点击次数:261 发布时间:2018/9/28 16:04:33
             ELISA (Enzyme Linked Immunosorbent Assay) kits identify and quantify specific protein and other research targets within a sample. Good ELISA kits support and validate your research by producing accurate, quantitative results. Samples suitable for use with ELISA kits include: plasma, serum, saliva, cell lysates and cell culture supernatants. Choose the right type of kit for your research, usually: direct, indirect, sandwich or competitive ELISA. A good quality kit will be carefully designed to help you achieve the best results and will be able to withstand a reasonable amount of variance in technique. Our team is happy to advise you. 
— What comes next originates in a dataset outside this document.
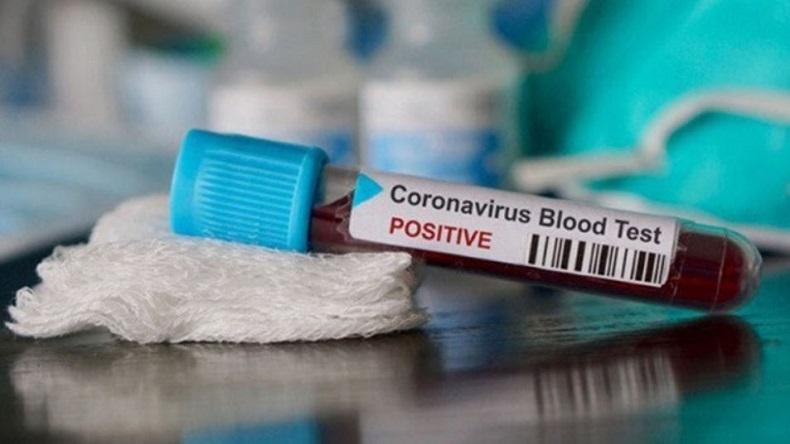 Pesumo Jepang Meninggal Dunia Akibat Corona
        ELISA(酶联免疫吸附测定)试剂盒可用于鉴定和定量样品中的特定蛋白质和其他研究目标。 良好的elisa试剂盒可通过产生准确的定量结果来支持和验证您的研究。适用于ELISA试剂盒的样品包括:血浆,血清,唾液,细胞裂解液和细胞培养上清液。您应该根据您的研究目的选择正确的试剂盒类型,通常为:直接,间接,三明治或竞争性ELISA。一个优质的试剂盒将被精心设计可以帮助您获得*佳实验效果,并能够承受合理的技术差异。我们的Biorbyt团队很乐意为您提供相关试剂盒产品和技术的建议。

 

      Your time is valuable, to get the best out of your ELISA kit, we help you avoid the pitfalls and provide helpful tips and tricks. Our informed insights are based on years of experience, understanding and listening.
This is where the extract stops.